A ce sujet, M. Macron a indiqué que "la position diplomatique française et européenne est claire et n'a pas changé et ne changera pas".

"L'économie n'est pas un instrument diplomatique. La France condamne avec beaucoup de force le boycott et toutes ces pratiques abusives. Il n'y a pas de boycott, et il y a la volonté farouche de développer les relations économiques avec Israël", a-t-il continué.

Il a par ailleurs insisté sur la volonté française de participer au marché du gaz en Israël, voyant dans cette opportunité "une carte à jouer" pour intensifier les relations entre les deux pays sur le plan économique.

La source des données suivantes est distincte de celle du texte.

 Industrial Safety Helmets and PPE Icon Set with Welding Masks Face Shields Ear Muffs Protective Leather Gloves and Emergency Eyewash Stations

Le ministre a invité les entreprises françaises à revenir en Israël et à investir dans le pays de même que les entreprises israéliennes à venir s'installer en France. "Le lien économique emporte avec lui les liens humains et culturels et permet de résoudre les malentendus" a-t-il affirmé.

Le ministre s'est rendu en Israël avec une délégation de 50 entreprises pour intensifier ce lien.

Concernant les critiques récentes de Martine Aubry sur les 35 heures, le ministre a indiqué qu'"il faut regarder la France à l'aune du monde". "Nous devons avoir plus d'agilité et regarder en face les chiffres. Nous travaillons moins d'heures que nos voisins", a-t-il déclaré.

"Ces rigidité empêchent parfois de se réadapter quand on a des difficultés économiques", tout en précisant qu'"aujourd'hui nous sommes dans un monde de changements rapides" et qu'il existe une forme de "rigidité française" qui doit s'adapter à cette rapidité économique.

Selon lui, "travailler davantage pour les jeunes mais aussi pour les seniors, donner plus d'agilité aux entreprises pour organiser le travail, c'est se donner la capacité collective à réussir davantage". "Israël en est un formidable exemple", a-t-il ajouté.

M. Macron, également ministre de l'Industrie et du Numérique, doit s'exprimer mardi à Tel-Aviv au "festival de l'innovation et du numérique", point de convergence annuel des start-ups israéliennes et des investisseurs mondiaux auquel 150 entreprises françaises doivent participer.